When I became involved with ‘knowledge management’ in a large science and technology organisation (over 10,000 staff), the subtle role of conversations became apparent. Sometimes even little asides or passing comments could lead to unexpected and interesting connections and occasionally even opportunities.
Persuing this topic further, it’s helpful to distinguish between discussions and dialogue (see table above). Most conversations are discussions as having a dialogue is actually quite hard (perhaps because we’ve all been educated that way?).
There is plenty of advice on how to promote dialogue between people but a lot of it seems to me to be rather theoretical and tricky to implement in practice. In fact a good test is whether the person promoting the advice actually does what he/she recommends, personally (from meetings and conferences) I had quite a few negative experiences! I don’t think it was deliberate, it’s just that true dialogue is really hard and takes work, a discussion is far easier (see again table above).
An important component of illuminating conversations is the art of (deeply) listening.
In this context, I came across this quote from documentary filmmaker Valarie Kaur:
“Deep listening is an act of surrender. We risk being changed by what we hear.
When I really want to hear another person’s story, I try to leave my preconceptions at the door and draw close to their telling. I am always partially listening to the thoughts in my own head when others are speaking, so I consciously quiet my thoughts and begin to listen with my senses.
Empathy is cognitive and emotional—to inhabit another person’s view of the world is to feel the world with them. But I also know that it’s okay if I don’t feel very much for them at all. I just need to feel safe enough to stay curious.
The most critical part of listening is asking what is at stake for the other person. I try to understand what matters to them, not what I think matters. Sometimes I start to lose myself in their story. As soon as I notice feeling unmoored, I try to pull myself back into my body, like returning home. As Hannah Arendt says, ‘One trains one’s imagination to go visiting.’ When the story is done, we must return to our skin, our own worldview, and notice how we have been changed by our visit.”
I found the first sentence quite powerful:
“Deep listening is an act of surrender. We risk being changed by what we hear.”
It made me realise that there is an emotional component involved, it’s not a strictly rational process. The power of the conversation is that it might change you, hopefully for better but also possibly for worse, and that is something you just have to live with. There is no certainty. From the last line of the quote:
“When the story is done, we must return to our skin, our own worldview, and notice how we have been changed by our visit.”

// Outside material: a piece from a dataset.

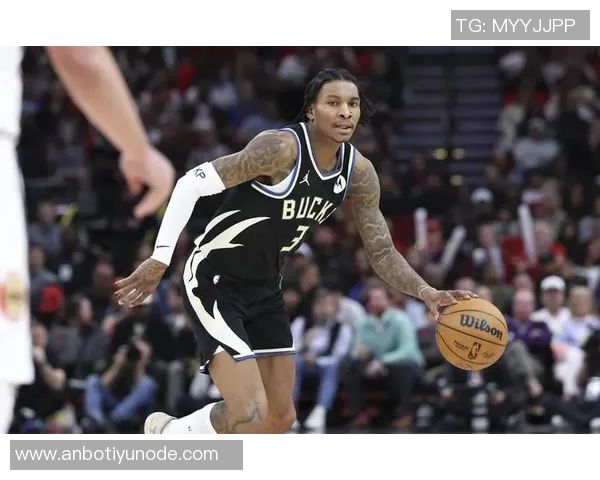 小迈克尔波特半场火力全开14投9中三分球精准轰下22分4篮板展现核心实力 小迈克尔波特半场火力全开14投9中三分球精准轰下22分4篮板展现核心实力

So after a dialogue, to benefit you need to be quite self-aware and that’s only something you can do yourself (through reflection etc). It’s a complicated but potentially highly rewarding process and experience.
Going back to listening, here are some additional aspects to think about (quoted from here):
a) We keep latching onto factual details: we go on about times, places, external movements – not realising that things become interesting only when people say what they feel about what happened, not merely what happened.
b) We often get overwhelmed by an emotion we experienced and insist upon it rather than attempting to explain it. So we say, again and again, ‘it was so beautiful’ or ‘it was the scariest thing in the world’ but without accurately unpacking the feeling and thereby being able to make it live in someone else’s mind.
c) Just when we promise to get a bit interesting with our narration, we take fright. We get scared of our own emotions, which can threaten to trigger feelings of unbearable sadness, confusion and excitement. We take flight into superficiality.
d) Then we don’t stick with one story. There is so much in our minds, we keep opening up new subplots.
So when listening, stop your companion digressing; say things like, ‘So a minute ago you were saying that….’ Bring them back to the last coherent and emotionally ‘alive’ part of the story. Draw them away from numb surface details to deeper emotional realities. Ask: ‘what did that feel like for you…?’
Finally, and perhaps a tad more optimistically:
“That way, listening is no longer a chore. It’s about the most interesting thing we can do!”